Sono soli. Irrimediabilmente persi in una strada che gira su se stessa. E allora non resta altro da fare che insistere e persistere. Andare avanti. Procedere verso il futuro ignorando i presagi di morte che albeggiano all’orizzonte. Non c’è altra scelta. Elliot l’ha capito più di tutti. Non ci si può ripiegare su se stessi. E neppure tuffarsi nostalgicamente nel passato o rompere la corda con quel passato. Si può solo andare avanti.
Anche quando andare avanti significa perdere qualcosa. Perdere perfino se stessi. Tyrell è da tempo perso. Smarrito tra quelle persone che ha voluto compiacere a tutti i costi. Il suo unico scopo per anni è stato quello di affermarsi, di avere successo. Come Ethan nell’Inverno del nostro scontento, Tyrell ha avuto “bisogno della loro approvazione, di essere accettato“. Il giudizio degli altri per lui come per Ethan era tutto. Lo deve aver pensato Wellick che “per la maggior parte degli uomini il successo non è mai un male“. Per lui, arrivato a uccidere, non doveva esserlo davvero.
E allora la sua luce ha iniziato a spegnersi. Ha fallito.
Ethan pensava al suicidio. Guardava il compromesso morale che l’aveva sopraffatto e dubitava ci fosse altra via. Eppure, “non è vero che esista una comunità di luci, un falò del mondo. Ognuno porta la sua, la sua luce solitaria“. E allora per una luce che si spegne può sempre essercene una che viene alimentata.
La speranza. La speranza che sopravvive, lotta, si divincola dal male del mondo, dal dubbio, dall’incertezza, dalla mancanza di controllo. E si fa largo. Inizia a spingerti in avanti. Lungo un percorso. Ma quella luce non è la tua e allora da te pretende una cosa soltanto. Il sacrificio.
Tyrell sacrifica se stesso. “Vado solo a fare una passeggiata“. C’era da fare l’ultimo passo. Quello decisivo. Quello della realizzazione. Del riscatto. Rinuncia alla propria vita e al successo. Lo fa per la luce di Elliot. La luce della speranza combattiva che tutto andrà bene. Che alla fine l’armata oscura di una vita fuori controllo si diradi in un’alba serena e governabile.

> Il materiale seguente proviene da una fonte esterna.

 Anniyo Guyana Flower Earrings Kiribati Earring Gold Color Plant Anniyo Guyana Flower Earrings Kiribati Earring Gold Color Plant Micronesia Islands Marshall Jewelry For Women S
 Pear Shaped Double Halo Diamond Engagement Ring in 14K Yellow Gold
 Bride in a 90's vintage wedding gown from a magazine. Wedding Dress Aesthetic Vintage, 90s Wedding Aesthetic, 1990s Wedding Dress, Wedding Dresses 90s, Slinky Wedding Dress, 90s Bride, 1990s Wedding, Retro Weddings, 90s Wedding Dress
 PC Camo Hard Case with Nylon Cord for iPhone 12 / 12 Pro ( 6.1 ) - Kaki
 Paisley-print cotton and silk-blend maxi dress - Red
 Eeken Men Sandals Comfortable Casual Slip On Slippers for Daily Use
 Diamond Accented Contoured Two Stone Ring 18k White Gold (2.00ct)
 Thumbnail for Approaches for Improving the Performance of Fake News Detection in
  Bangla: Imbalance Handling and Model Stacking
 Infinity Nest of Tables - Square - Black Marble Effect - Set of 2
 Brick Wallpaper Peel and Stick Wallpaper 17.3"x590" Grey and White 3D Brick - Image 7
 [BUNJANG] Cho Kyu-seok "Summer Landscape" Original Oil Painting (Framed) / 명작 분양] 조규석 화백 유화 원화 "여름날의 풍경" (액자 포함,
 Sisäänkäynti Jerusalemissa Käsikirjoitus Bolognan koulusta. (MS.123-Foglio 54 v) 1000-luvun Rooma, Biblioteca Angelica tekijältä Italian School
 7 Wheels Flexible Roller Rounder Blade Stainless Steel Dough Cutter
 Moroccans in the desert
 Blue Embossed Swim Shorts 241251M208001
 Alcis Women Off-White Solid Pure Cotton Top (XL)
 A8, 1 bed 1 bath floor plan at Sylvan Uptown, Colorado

È ancora una volta un messaggio di speranza a concludere questa puntata di Mr Robot.
È giusto credere che gli affetti si ricomporranno. Che Elliot riuscirà a comunicare l’amore che lo lega a Darlene. Come Tyrell ha fatto con lui, immolandosi e ottenendo in cambio quell’interesse e compassione che da tanto tempo bramava. È giusto credere che la faccia oscura della luna di Elliot trovi nuova luce nella consapevolezza che il cambiamento è possibile.
Si può solo andare avanti. Compiere il percorso in un viaggio che a volte sembra portarci fuori strada, altre volte ricondurci al punto di partenza. Ma che alla fine, se sapremo tenere la rotta, saprà, forse, mostrarci la luce commovente della comprensione e dell’amore. La luce di uno scopo. Quella luce che Tyrell ha già, catarticamente, scoperto nel sacrificio.